How to calculate the pH of a 0.20 M solution of HCN
To calculate the pH of a 0.20 M solution of HCN, you need to remember that hydrocyanic acid is a weak acid, not a strong acid. That means it does not ionize completely in water. Instead of assuming that the hydrogen ion concentration equals the starting acid concentration, you must use an equilibrium expression based on the acid dissociation constant, Ka.
The acid dissociation reaction for HCN in water is:
HCN + H2O ⇌ H3O+ + CN-
For a common 25 C reference value, the acid dissociation constant of HCN is approximately 6.2 x 10^-10. This very small Ka tells you that HCN ionizes only slightly. Because the acid is weak, the equilibrium concentration of H3O+ is much smaller than the initial concentration of HCN.
Step by step setup
- Write the balanced dissociation equation: HCN ⇌ H+ + CN-.
- Set up an ICE table with initial, change, and equilibrium concentrations.
- Let x represent the amount of HCN that ionizes.
- At equilibrium, [H+] = x and [CN-] = x, while [HCN] = 0.20 – x.
- Use the equilibrium expression: Ka = x^2 / (0.20 – x).

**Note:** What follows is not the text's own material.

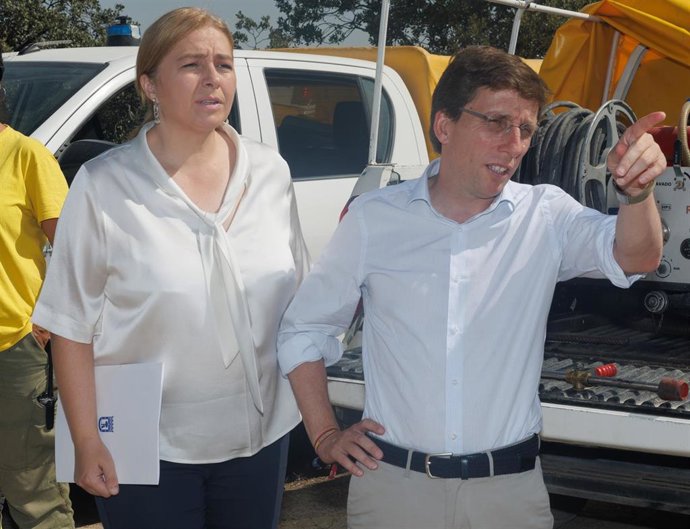 El alcalde de Madrid, José Luis Martínez-Almeida, junto a la vicealcaldesa y delegada de Seguridad y Emergencias, Inmaculada Sanz, visita la torre contra incendios ubicada en el Cerro de Garabitas de la Casa de Campo, a 11 de julio de 2023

- Solve for x exactly with the quadratic formula, or use the weak-acid approximation if x is very small compared with 0.20.
- Convert hydrogen ion concentration to pH with pH = -log10[H+].
ICE table for 0.20 M HCN
| Species | Initial (M) | Change (M) | Equilibrium (M) |
|---|---|---|---|
| HCN | 0.20 | -x | 0.20 – x |
| H+ | 0 | +x | x |
| CN- | 0 | +x | x |
Plugging these equilibrium concentrations into the Ka expression gives:
6.2 x 10^-10 = x^2 / (0.20 – x)
Since HCN is a weak acid and Ka is tiny, x is much smaller than 0.20. In many introductory chemistry problems, you can use the approximation:
0.20 – x ≈ 0.20
That simplifies the equation to:
x^2 = (6.2 x 10^-10)(0.20) = 1.24 x 10^-10
x = 1.11 x 10^-5 M
Because x represents the hydrogen ion concentration, [H+] = 1.11 x 10^-5 M. Now convert to pH:
pH = -log10(1.11 x 10^-5) ≈ 4.95
So, the pH of a 0.20 M solution of HCN is approximately 4.95. If you solve with the exact quadratic equation instead of the approximation, you get essentially the same answer to ordinary significant figures.
Why HCN has a relatively high pH compared with strong acids
Students often find this result surprising. A 0.20 M acid solution sounds concentrated, so it is tempting to expect a very low pH. But acid strength and acid concentration are not the same thing. HCN is present at a substantial concentration, yet it donates protons only weakly. Most of the HCN molecules remain undissociated in water.
Compare HCN with a strong acid like HCl. If you had a 0.20 M HCl solution, the acid would dissociate nearly completely, so [H+] would be close to 0.20 M. The pH would then be:
pH = -log10(0.20) ≈ 0.70
That is more than four pH units lower than the HCN case. Since each pH unit corresponds to a factor of 10 in hydrogen ion concentration, the strong-acid solution is dramatically more acidic.
Key conceptual difference: strength versus concentration
- Concentration tells you how much acid is dissolved.
- Strength tells you how completely the acid ionizes.
- HCN is weak, so only a tiny fraction ionizes.
- HCl is strong, so almost all of it produces H+ in solution.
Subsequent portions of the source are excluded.